Sylvain Kalache, entrepreneur, software-engineer and co-founder of Holberton School, a two-year program training highly skilled full-stack software engineers at scale, recently published an article arguing why it is essential that our educational system teaches students how to apply AI.

Kalache argues that with the increasing development of this technology, there should be an increase in the education delivered to students as well, to make sure they keep up with this rapidly evolving industry.

Unfortunately, we are not there yet, Kalache says, saying: “We are stuck with centuries old methodologies, where schools and teachers act like the gateway to knowledge, but at a time when students can access all they want by simply asking Alexa”.

He highlights Finland as a good example of a country that has understood the importance of this, going away from passive learning and lecture formats, and introducing group works on chosen topics, practicing problem-solving.

This allows the teachers to guide their students while they are learning as they go, as Kalache deem flexibility and the ability to retrain as key for the workers of tomorrow. This is essential, as the World Economic Forum estimates that 65 percent of children entering primary school today will ultimately end up working in completely new job types that don’t yet exist.

“Computer-assisted “human intelligence resides in the cloud” and, actually, “all of us are bionic these days,” even if we don’t know it. Our natural senses and functions are supplemented by computers and mobile phones (which relieve our brains of some of their data storage and processing burdens)”, Kalache writes.

“AI is making us smarter. It helps humans get and process information in ways that humans on their own cannot” Sylvian Kalache.

Kalache mentions how we once were trained to look for information in books and libraries, whereas now we need to learn how to look for information via personal assistants, while also being able to go back to our search engines when these occasionally fail.

“Since Homo sapiens created our first tools, we’ve continuously used new technology to do our job better”, Kalache writes, following up with: “Sometimes the technology even takes over completely. Workers constantly have to adapt to change.
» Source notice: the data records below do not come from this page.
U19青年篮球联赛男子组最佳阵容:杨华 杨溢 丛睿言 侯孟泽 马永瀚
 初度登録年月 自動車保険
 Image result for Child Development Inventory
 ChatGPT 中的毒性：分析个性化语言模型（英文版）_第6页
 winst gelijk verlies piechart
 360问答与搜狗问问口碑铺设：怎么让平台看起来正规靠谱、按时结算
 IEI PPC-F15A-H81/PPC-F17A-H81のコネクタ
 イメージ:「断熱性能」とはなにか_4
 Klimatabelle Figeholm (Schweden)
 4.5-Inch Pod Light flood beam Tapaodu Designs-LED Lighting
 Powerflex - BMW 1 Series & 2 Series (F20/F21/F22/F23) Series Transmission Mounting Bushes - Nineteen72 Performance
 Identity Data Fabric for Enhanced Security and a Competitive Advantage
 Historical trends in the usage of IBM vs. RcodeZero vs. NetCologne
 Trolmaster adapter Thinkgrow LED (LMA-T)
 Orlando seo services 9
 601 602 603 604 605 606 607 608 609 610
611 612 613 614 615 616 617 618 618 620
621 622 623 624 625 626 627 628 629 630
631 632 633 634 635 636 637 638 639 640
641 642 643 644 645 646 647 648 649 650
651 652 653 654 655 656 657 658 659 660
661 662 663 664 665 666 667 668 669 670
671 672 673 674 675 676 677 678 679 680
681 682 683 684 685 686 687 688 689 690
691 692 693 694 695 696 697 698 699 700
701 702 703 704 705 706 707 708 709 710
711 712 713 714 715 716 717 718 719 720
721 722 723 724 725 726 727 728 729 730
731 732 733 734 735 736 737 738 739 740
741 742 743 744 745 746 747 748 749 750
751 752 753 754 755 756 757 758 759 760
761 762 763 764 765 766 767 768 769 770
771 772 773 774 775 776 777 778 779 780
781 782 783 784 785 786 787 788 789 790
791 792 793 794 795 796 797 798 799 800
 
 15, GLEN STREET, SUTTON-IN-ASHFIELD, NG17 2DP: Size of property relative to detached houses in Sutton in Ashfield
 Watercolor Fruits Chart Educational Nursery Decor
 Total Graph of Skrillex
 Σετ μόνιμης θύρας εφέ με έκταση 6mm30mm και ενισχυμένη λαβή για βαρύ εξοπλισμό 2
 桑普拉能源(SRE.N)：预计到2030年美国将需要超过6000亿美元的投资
But now, our world is changing at a pace faster than we’ve ever experienced before”.

He mentions that today’s goal for AI trainers is to reach “singularity”, a state where algorithms are able to learn by themselves, which then results in a powerful “super-intelligence”. However, until this happens it is essential that our society adapts to training humans that can take advantage of new technologies.

We need to establish education that provides a recipe that trains workers for the 21st-century needs.